67ème anniversaire de la capitulation sans condition des armées nazies

Le vendredi 11 mai 2012 – Retrouvez l’intervention de Michèle PICARD à l’occasion du 67ème anniversaire de la capitulation sans condition des armées nazies, à l’Usine Marius Berliet – plaques Portes B, le jeudi 10 mai dernier.

Le vendredi 11 mai 2012

Retrouvez l’intervention de Michèle PICARD à l’occasion du 67ème anniversaire de la capitulation sans condition des armées nazies, à l’Usine Marius Berliet – plaques Portes B,  le jeudi 10 mai dernier.

Aujourd’hui que nous commémorons ensemble la capitulation sans condition des armées nazies, il nous faut mesurer l’ampleur du chaos et de l’horreur, laissés sur le Vieux Continent, en URSS, en Asie, en Afrique. Ce n’est pas un champ de bataille que les forces de libération découvrent, mais un champ de ruines, un champ d’une barbarie totale. En six ans, 55 millions de morts. Par jour, 25 000 disparus.

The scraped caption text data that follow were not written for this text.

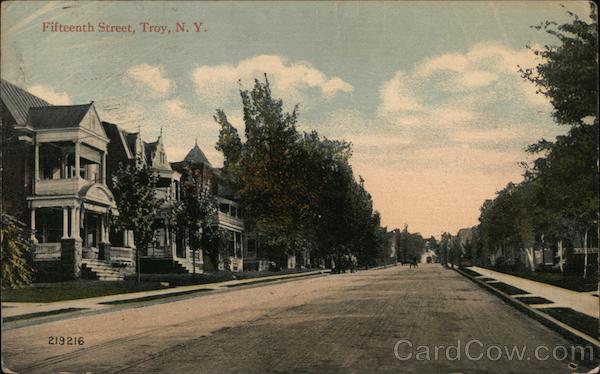 Fifteenth Street Troy New York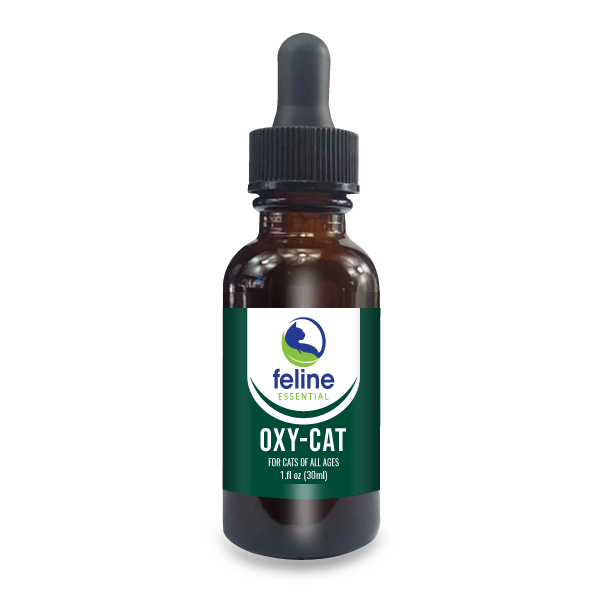 Two Crazy Cat Ladies Feline Essential Oxy-Cat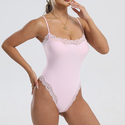 women's Gym Push Up Workout Bodysuit Scrunch Fitness Yoga Jumpsuit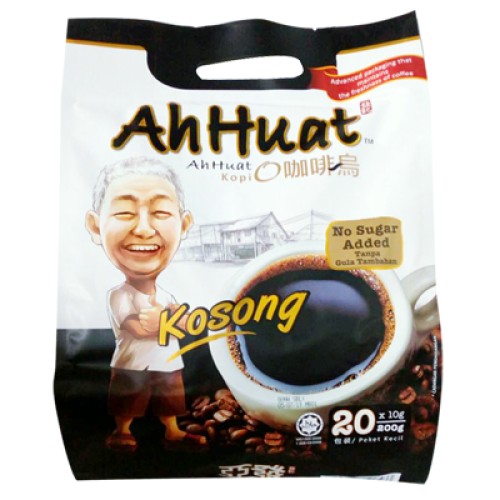 AH HUAT KOPI O NO SUGAR 10G*20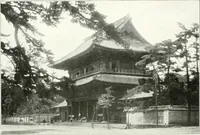 An illustration from Die Architektur der Kultbauten Japans (1907)
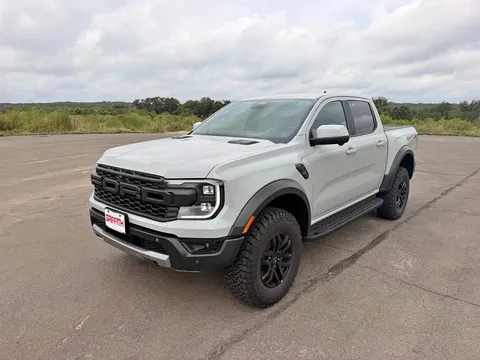 2026 Ford Ranger SuperCrew Raptor Pickup 4D 5 ft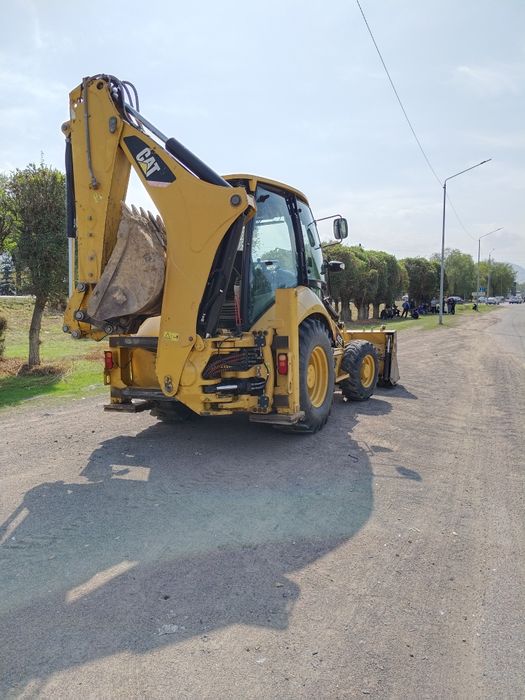 Услуги экскаватор погрузчик 3в1 трактор эксковатор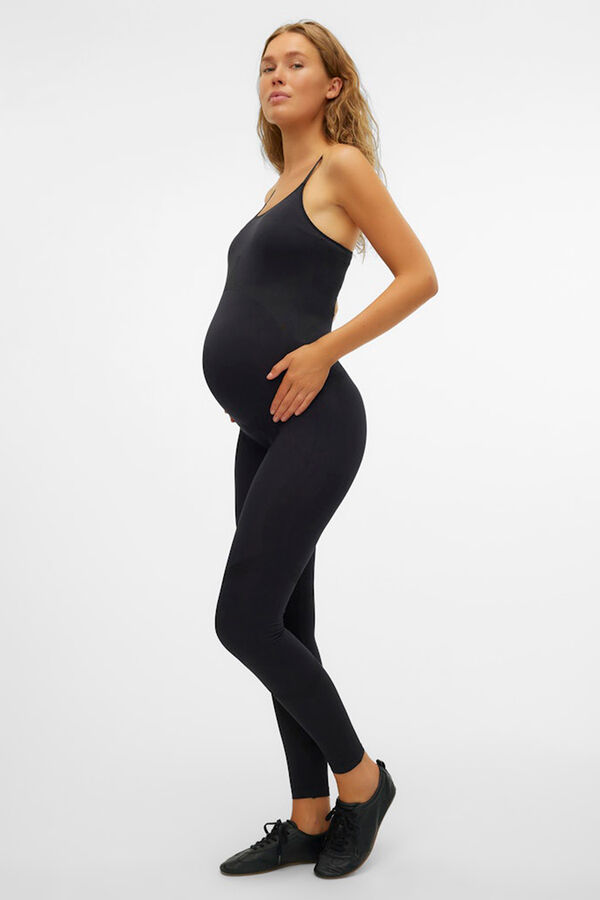 Mamalicious Sportski kombinezon za trudnice Crna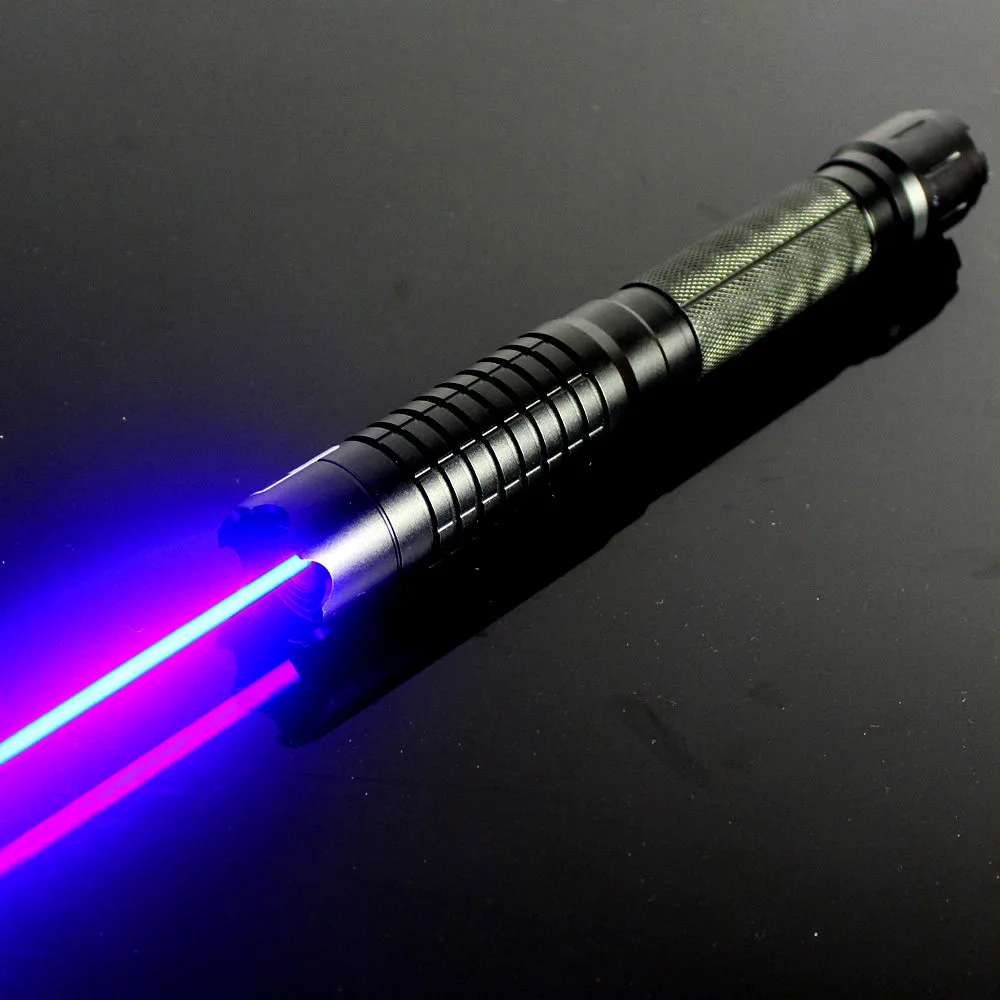 NEW military 450nm 10000mw 10w font b led b font font b flashlight b font blue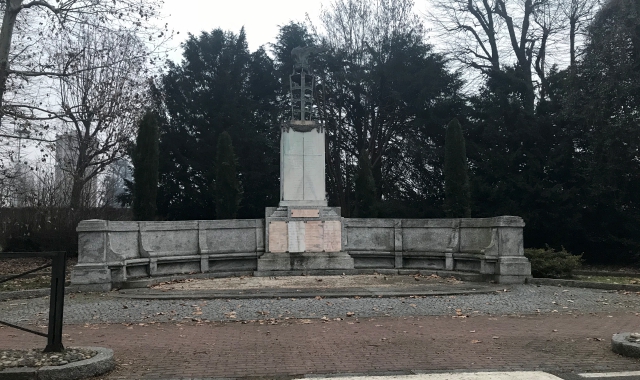 Il monumento ai Caduti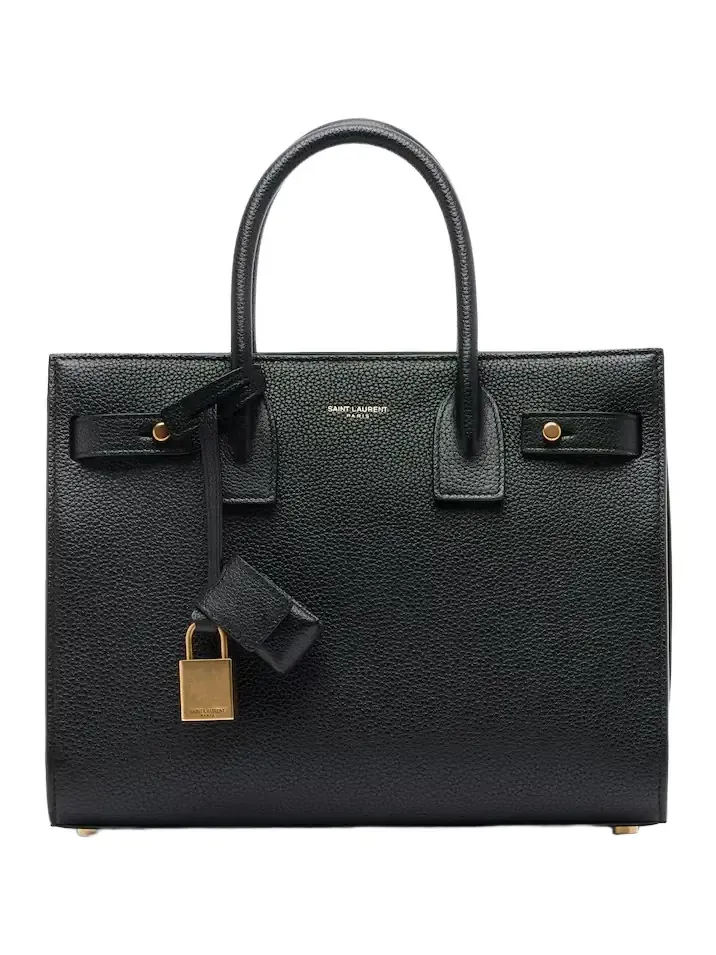 Sac de Jour Baby leather tote bag Sac de Jour Baby leather tote bag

La shoah, la solution finale : de 5 à 6 millions de Juifs, soit les 2/3 de la population juive européenne, décimés dans les camps de l’horreur, dans les camps de l’ignoble, dans les camps d’une honte indélébile. En France :  600 000 morts, civils et militaires, résistants ou anonymes. L’URSS, sur laquelle s’acharnent Hitler et le 3ème Reich : 21 millions de victimes, je dis bien,        21 millions de morts, dont 7 millions et demi de civils. Grande-Bretagne : pas loin de 400 000 morts. Les Etats-Unis perdent 300 000 soldats, loin de leurs familles et de leur terre, sur le sol du vieux continent et en Extrême-Orient.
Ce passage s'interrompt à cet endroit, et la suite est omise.